29 December 2019- 2 January 2020
On the way back up from the south towards Addis Ababa, we cross the Rift Valley again. This is an opportunity to pass by many large lakes and forests with a rich biodiversity. This part of the journey is quite tiring as there are hundreds of kilometres between each stop.
First stop, the town of Arba Minch, which is a starting point to explore Lake Chamo by boat.
Lake Chamo is separated from Lake Abaya by the Nech Sar National Park, which we were not able to visit as apparently some of the people inside are not very welcoming....
The attraction of Lake Chamo is its large population of Nile Crocodiles, some of which are huge. It is always a great moment to see these stoic but ever watchful reptiles.
On the way to the next lake, Lake Awassa, a stop at the Senkele sanctuary was a must. This sanctuary is dedicated to the protection of the Swayne's Hartebeest, an endemic mammal whose remaining population is estimated at only 600 individuals.

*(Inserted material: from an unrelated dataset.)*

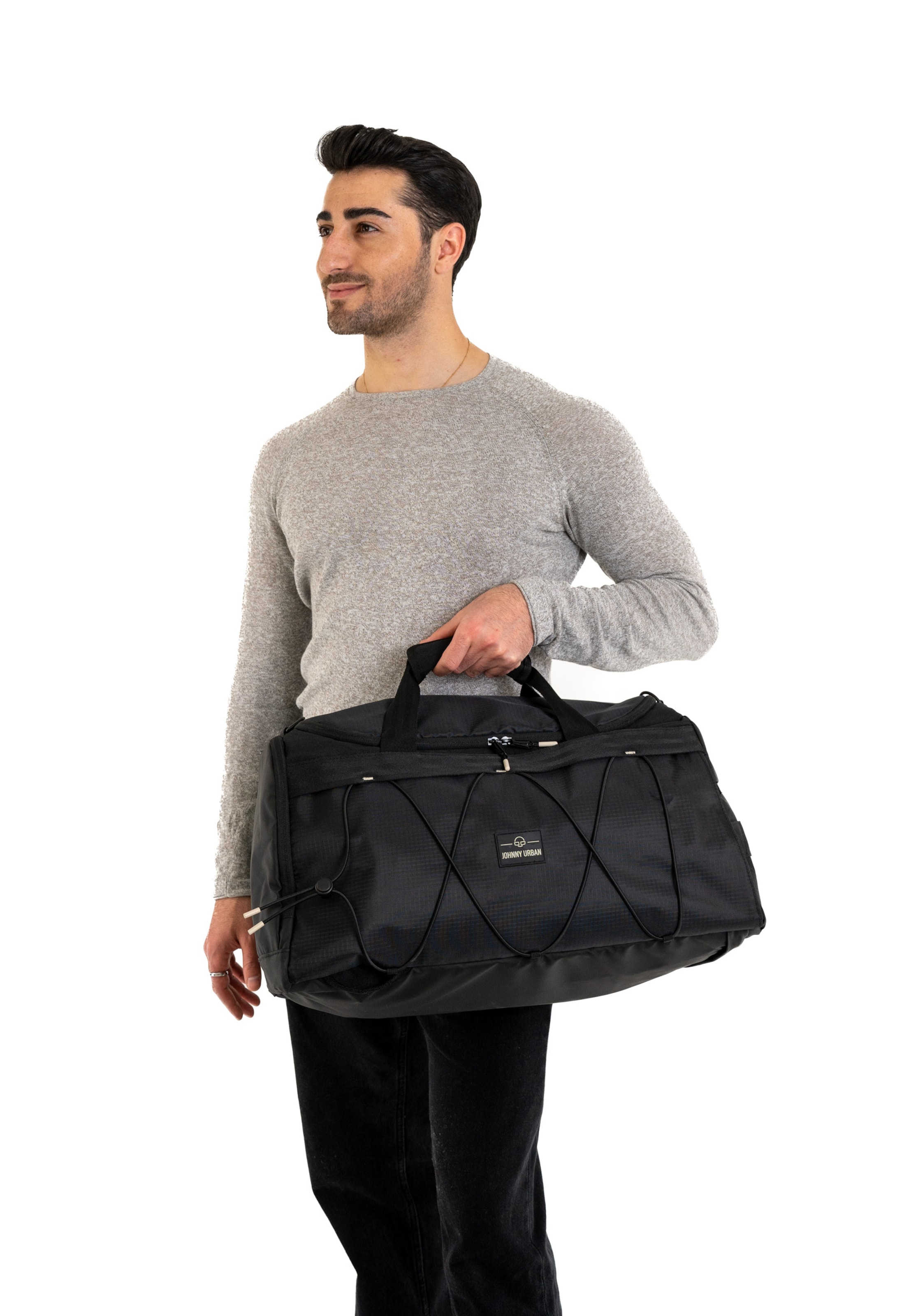 juoda Johnny Urban Sportinis krepšys 'Shawn'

The hotel's lakeside garden at Awassa alone offers a festival of birds: Marabout Stork, African Sacred Ibis and Hadada Ibis, taking advantage of the well-preserved giant trees and the chance to spot the African Spotted creeper, which strongly resembles a creeper but is not one. These large trees are also home to Mantled Guereza and playful Grivet.
On the morning of the first day of the year 2020, we spent two hours along Lake Awassa, which is very popular with the locals to drink beers and eat fish in the evening. We found birds we saw before but it is possible to see them very closely from this ledge. Who can get tired of looking into the eyes of a Marabout?
About forty kilometers from Awassa is an unmissible ornithological hotspot: Wondo Genet. This city is known for its hot springs an das the former resort of Emperor Hailé Selassié 1st. His old residence has been transformed into a hotel, the same one where we stayed. Don’t worry, it is no longer a royal residence!
One of the target species was the very shy Half-collared Kingfisher which is mostly found around forested rivers. Its shyness gave us a hard time but finally, with the help of an excellent local guide, we found it. The other bird that kept us waiting for almost an hour was the Abyssinian Woodpecker, an endemic of Ethiopia and Eritrea.
Wondo Genet is also an "easy" place to observe the White-winged Cliff Chat, another endemic. Conclusion: the diversions is worthwhile for birdwatchers, a little less so for bath lovers looking for peace and quiet...
The last stop before Addis and the drive north was again the Lake Ziway described in the first chapter.